Мистер Суин, обедавший с молодым человеком, обладателем щегольских бачков тореадора и прочих прелестей, церемонно поклонился в направлении их столика; затем проходивший мимо, сопровождая темноволосую, матово-бледную даму, морской офицер в лазурно-голубой форме Гвардии Гольфстрима бросил:

— Привет, Люсетт, привет, Ван!

— Привет, Альф! — поздоровался Ван, а Люсетт ответила на приветствие отсутствующей улыбкой: подперев подбородок руками, она проводила удалявшуюся даму насмешливым оком поверх сплетенных пальцев. Кинув мрачный взгляд на единоутробную сестрицу, Ван кашлянул.

— Тридцать пять, не меньше, — проговорила Люсетт, — а все еще надеется с ним королевой стать!

Отец молодого человека, Альфонс Пятый Португальский, монарх-марионетка в руках Дядюшки Виктора, только что, вняв Гамалиилу, отрекся от престола в пользу республиканской власти, однако Люсетт заботила недолговечность красоты, не изменчивость политики.

— Это Линор Коллинз. Что-то не так, Ван?

— На звезду кошке нечего пялиться, негоже!{151} Теперь сходство уж не такое, как прежде, — хотя, разумеется, я не в курсе изменений, происшедших с той стороны.

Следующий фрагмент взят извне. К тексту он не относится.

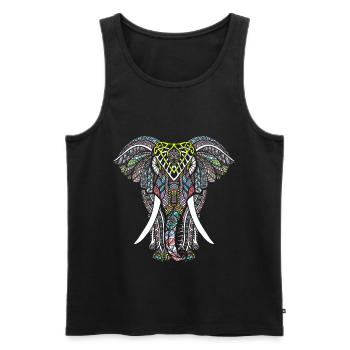 Éléphant Mandala Tribal Ganesha Chakra Yoga Tattoo - Débardeur bio Premium Homme - noir - Devant - Michal (187cm)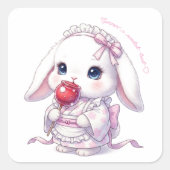 Yukata Bunny with Apple Candy - Pink Pastel Ribbon スクエアシール (正面)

A propos, как наша карьера продвигается?

— Если ты имеешь в виду Адину, надеюсь, и тут фиаско, как и в браке. Так что Демону одно утешение, что я тебя заполучу. В кино я хожу не часто, а на похоронах ни с Дорой, ни с ней общаться я не стала и потому ни малейшего представления не имею, каковы на сей день ее театральные или экранные подвиги.

— А та особа не поведала братцу про ваши невинные игры?

— Ну, разумеется, нет! Она дрожит (trembles) над его благополучием. Хотя, убеждена, это именно она вынудила Аду написать мне, чтоб я «не смела больше посягать на их семейное счастье» — и это Дарьюшке, шантажистке во плоти, я могу простить, но Адочке ни за что! Да Бога ради, не снимай ты свой кабошон, я в том смысле, что на твоей волосатой руке он еще смотрится, хотя у папаши был похожий, но омерзительно гляделся на его розовой пятерне. Отец был из тихих старателей. Однажды взял меня на девчоночий хоккей, и во время матча пришлось ему пригрозить, что позову на помощь, если он не прекратит свои исследования.

— Das auch noch![462] — выдохнул Ван, засовывая в карман перстень с тяжелым темным сапфиром.

Не будь то последний дар Марины, Ван кинул бы перстень в пепельницу.